The recent detection of gravitational waves by the LIGO/VIRGO team is an incredibly impressive achievement of experimental physics. It is also a tremendous success of the theory of General Relativity. It confirms the existence of black holes; shows that binary black holes exist; that they may collide and that during the merging process gravitational waves are produced. These are all predictions of General Relativity theory in its fully nonlinear regime.

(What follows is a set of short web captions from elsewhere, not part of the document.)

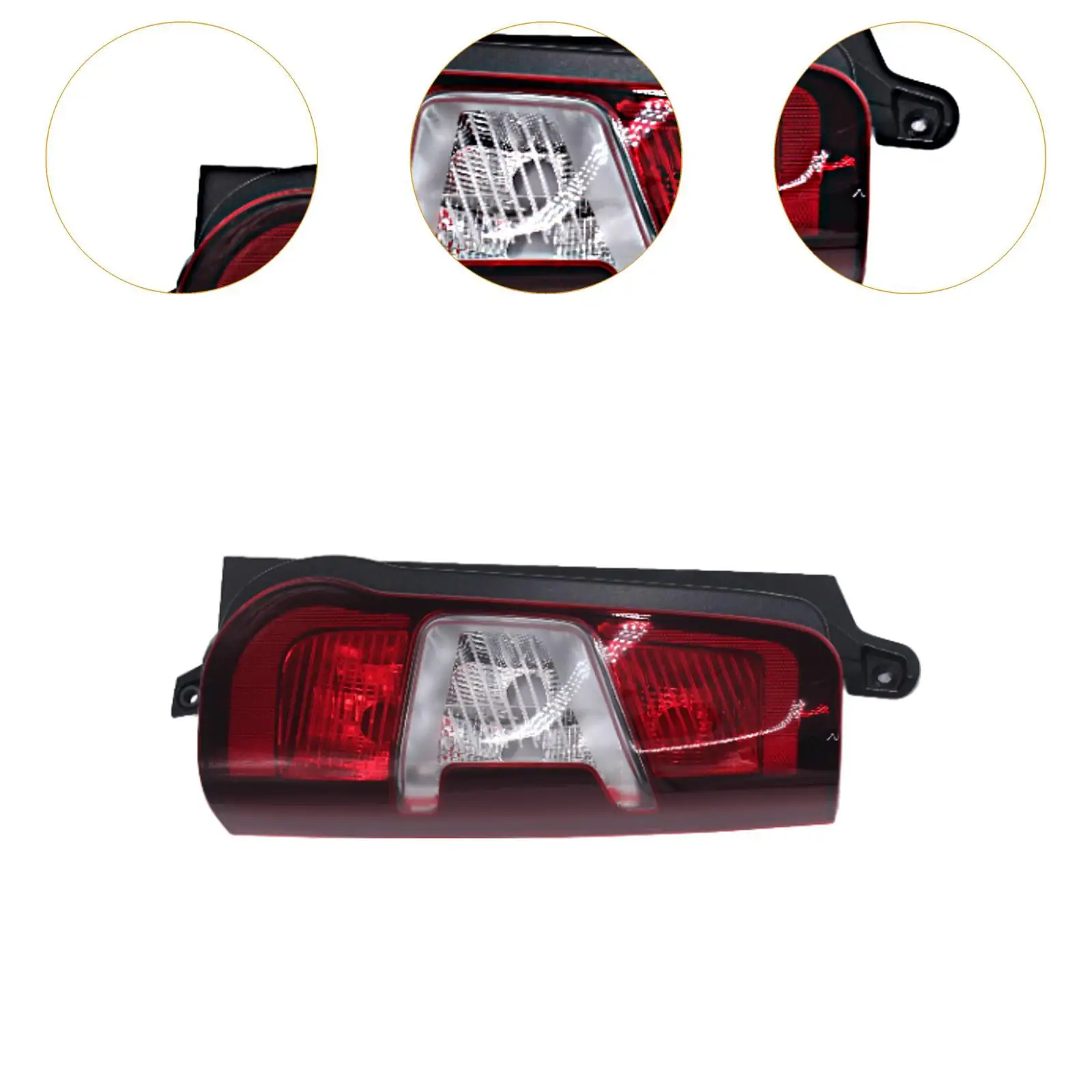 Правый задний фонарь 9820554880 Автомобильные аксессуары для Citroen Berlingo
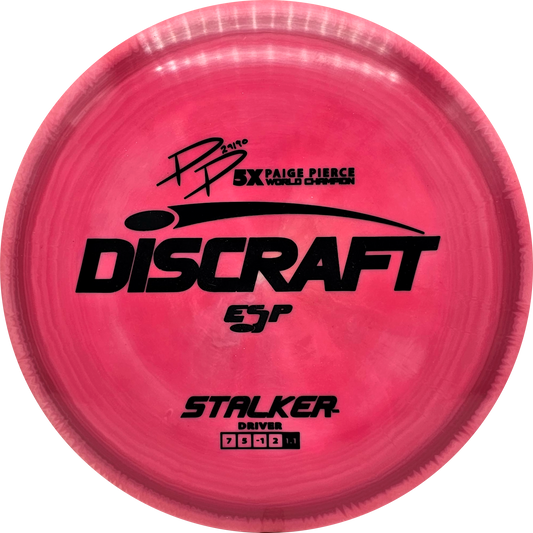 Discraft ESP Stalker - Paige Pierce Signature Series - KJ Disc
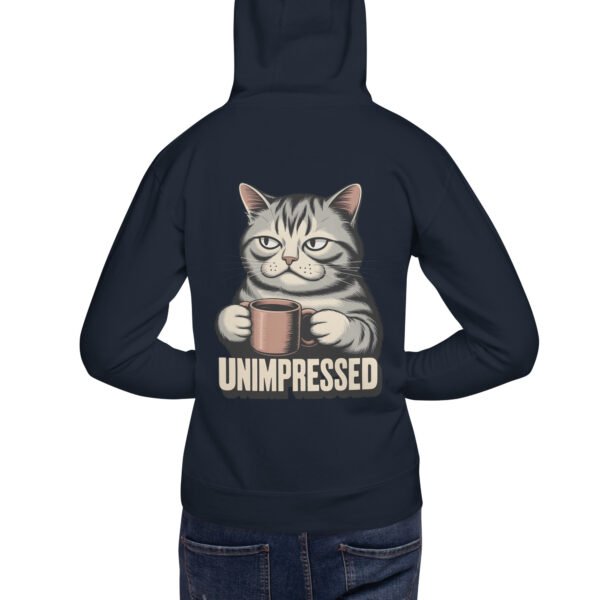 Unimpressed- Unisex Hoodie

The existence of gravitational waves was predicted by Albert Einstein in 1916 within the framework of linearized Einstein theory. Contrary to common belief, even the very definition of a gravitational wave in the fully nonlinear Einstein theory was provided only after Einstein's death. Actually, Einstein had arguments against the existence of nonlinear gravitational waves (they were erroneous but he did not accept this), which virtually stopped development of the subject until the mid-1950s. This is what we refer to as the Red Light for gravitational-waves research.
In the following years, the theme was picked up again and studied vigorously by various experts, mainly Herman Bondi, Felix Pirani, Ivor Robinson and Andrzej Trautman, where the theoretical obstacles concerning gravitational-wave existence were successfully overcome, thus giving the `Green Light' for experimentalists to start designing detectors, culminating in the recent LIGO/VIRGO discovery.
In this lecture, we tell the story of this theoretical breakthrough. Particular attention will be given to the fundamental 1958 papers of Trautman, which seem to be lesser known outside the circle of General-Relativity experts.